**Your instructions**
Begin with the line below holding "A negociação de" and go on through the line holding "Auger 119970 - Трубка, нагнетание", duplicating each line exactly and leaving out pictures.

**Input records**

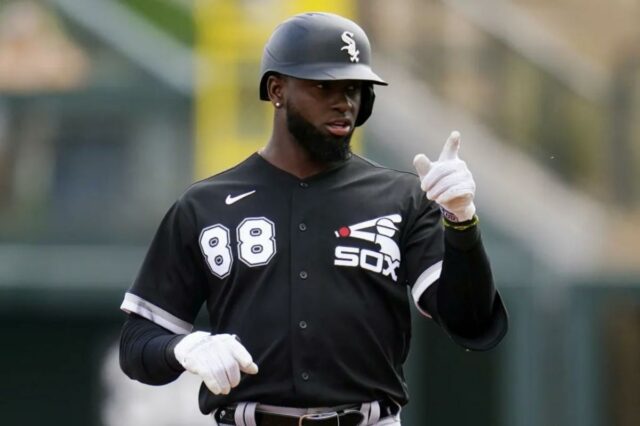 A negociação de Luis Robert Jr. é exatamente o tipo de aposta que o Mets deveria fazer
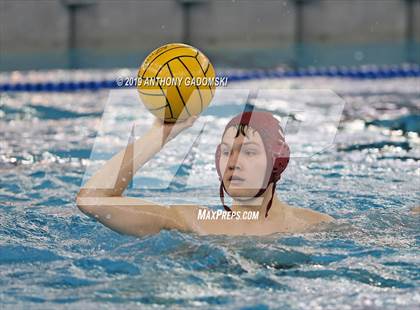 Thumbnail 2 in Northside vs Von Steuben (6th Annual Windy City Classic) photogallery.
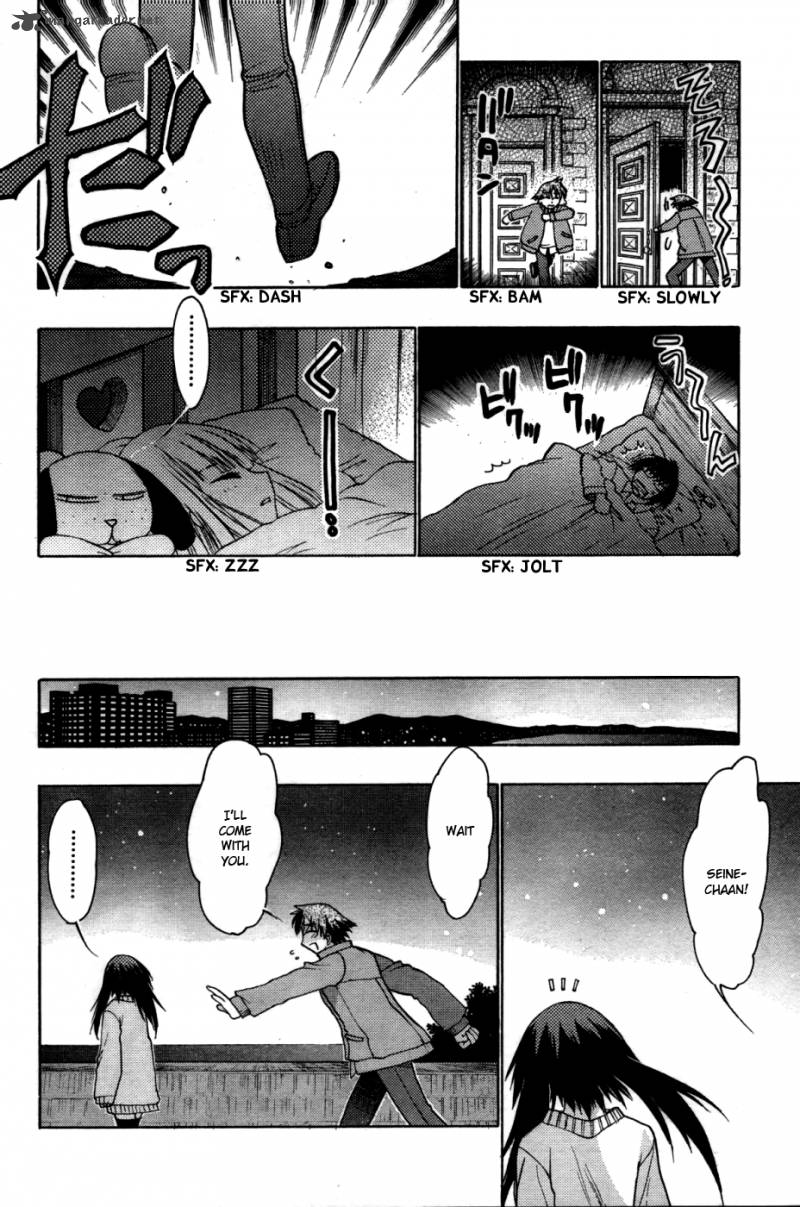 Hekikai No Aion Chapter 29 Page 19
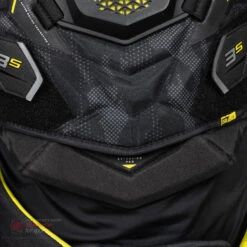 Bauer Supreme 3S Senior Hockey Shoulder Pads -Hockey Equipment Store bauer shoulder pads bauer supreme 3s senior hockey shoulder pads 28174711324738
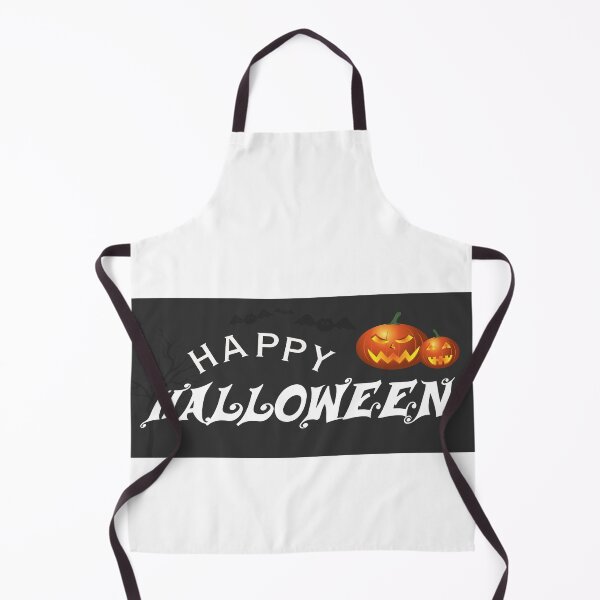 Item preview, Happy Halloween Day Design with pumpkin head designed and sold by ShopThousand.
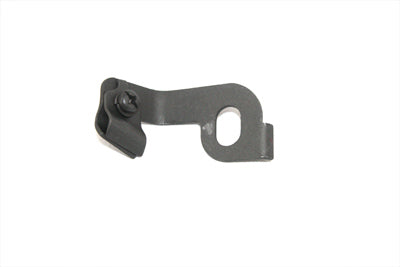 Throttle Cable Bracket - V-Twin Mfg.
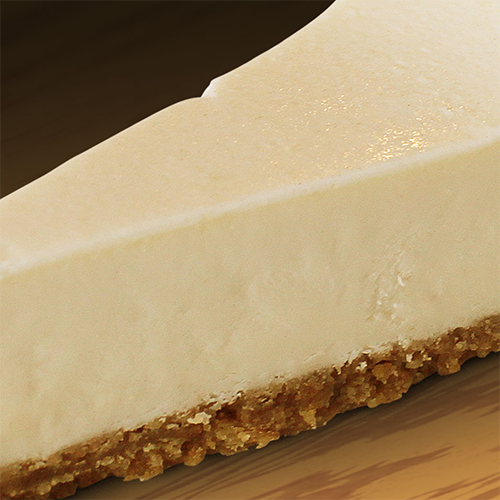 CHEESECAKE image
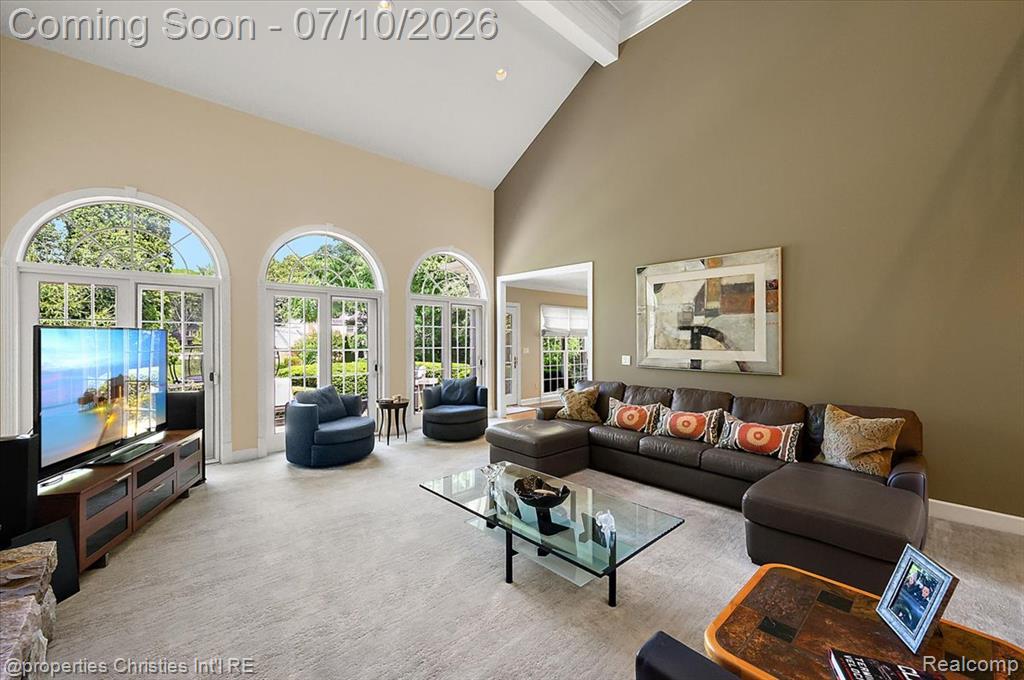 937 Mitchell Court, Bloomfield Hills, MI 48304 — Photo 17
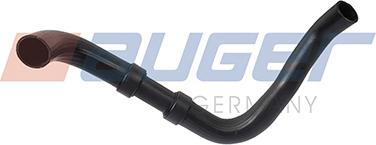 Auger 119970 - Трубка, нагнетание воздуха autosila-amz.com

...

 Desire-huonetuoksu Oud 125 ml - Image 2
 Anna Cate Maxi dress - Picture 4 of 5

--

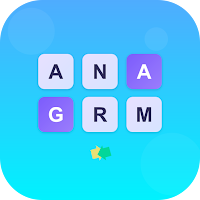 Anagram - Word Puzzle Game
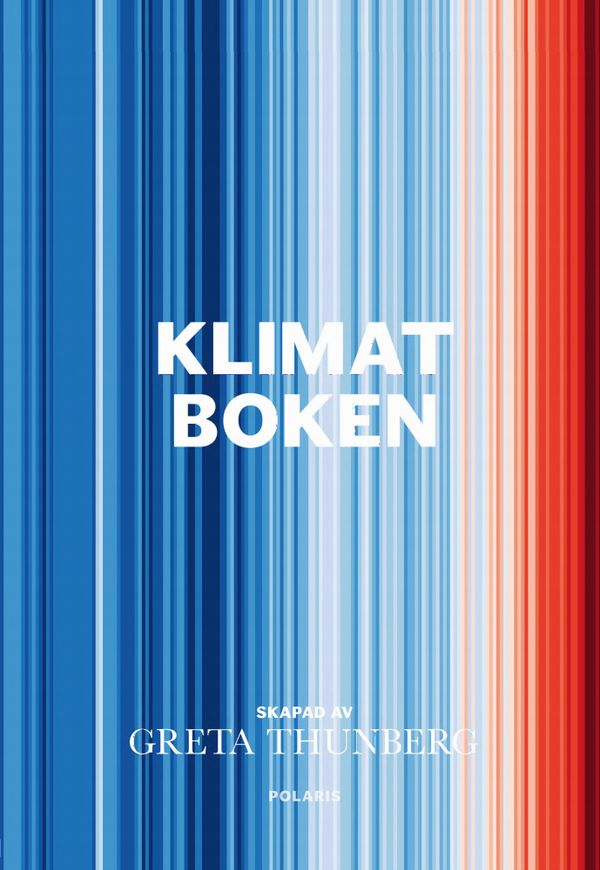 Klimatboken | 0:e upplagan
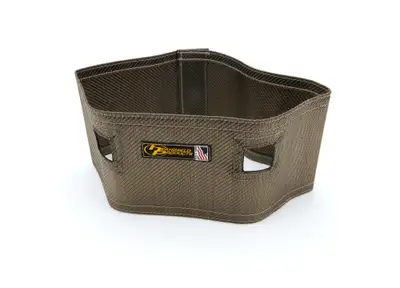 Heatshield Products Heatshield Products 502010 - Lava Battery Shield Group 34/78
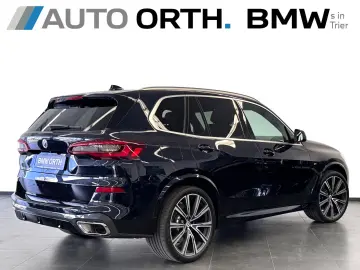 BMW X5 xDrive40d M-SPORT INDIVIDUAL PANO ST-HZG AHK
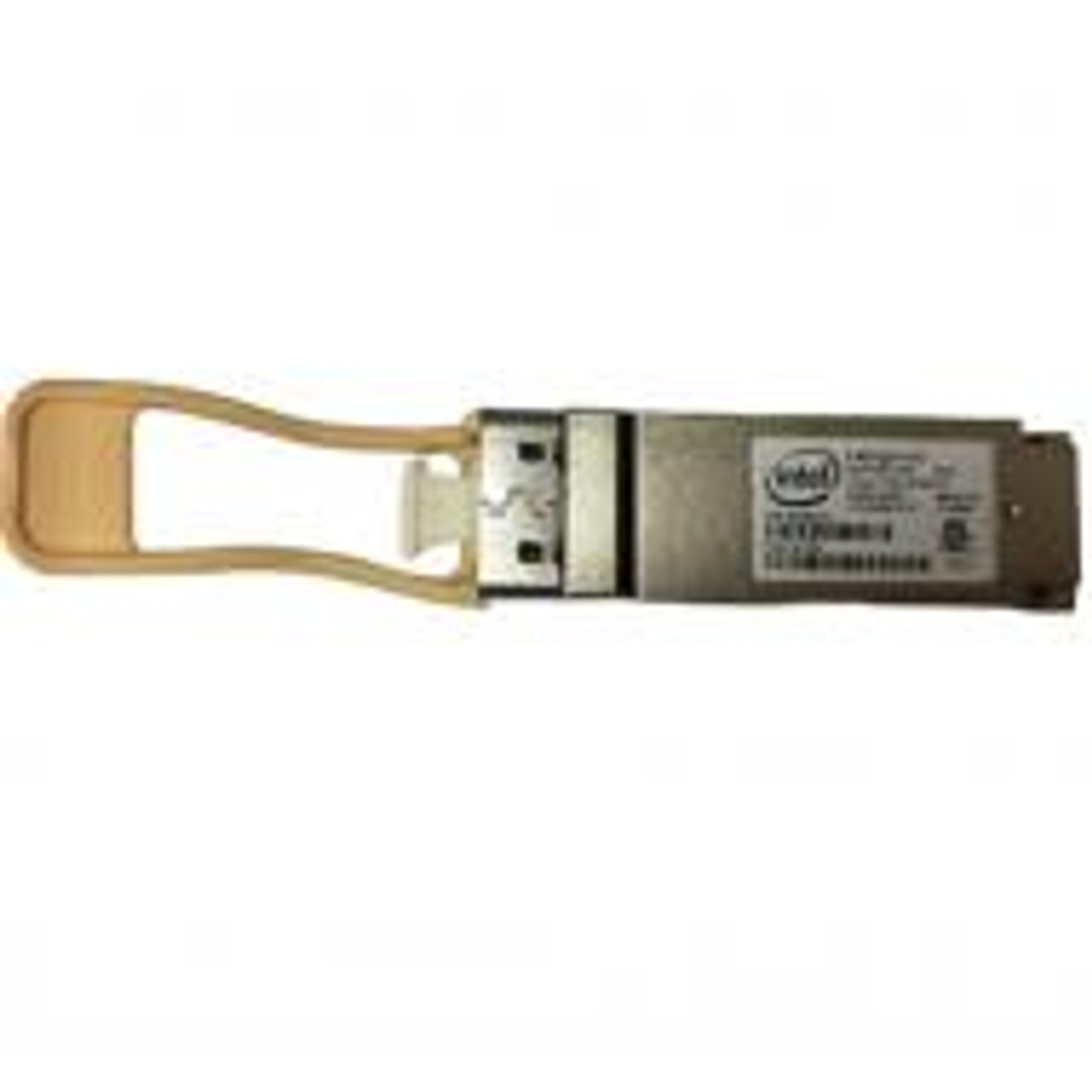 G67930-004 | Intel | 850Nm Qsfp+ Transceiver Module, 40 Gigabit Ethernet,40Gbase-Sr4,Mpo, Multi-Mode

**Expected output**
 A negociação de Luis Robert Jr. é exatamente o tipo de aposta que o Mets deveria fazer
 Thumbnail 2 in Northside vs Von Steuben (6th Annual Windy City Classic) photogallery.
 Hekikai No Aion Chapter 29 Page 19
 Bauer Supreme 3S Senior Hockey Shoulder Pads -Hockey Equipment Store bauer shoulder pads bauer supreme 3s senior hockey shoulder pads 28174711324738
 Item preview, Happy Halloween Day Design with pumpkin head designed and sold by ShopThousand.
 Throttle Cable Bracket - V-Twin Mfg.
 CHEESECAKE image
 937 Mitchell Court, Bloomfield Hills, MI 48304 — Photo 17
 Auger 119970 - Трубка, нагнетание воздуха autosila-amz.com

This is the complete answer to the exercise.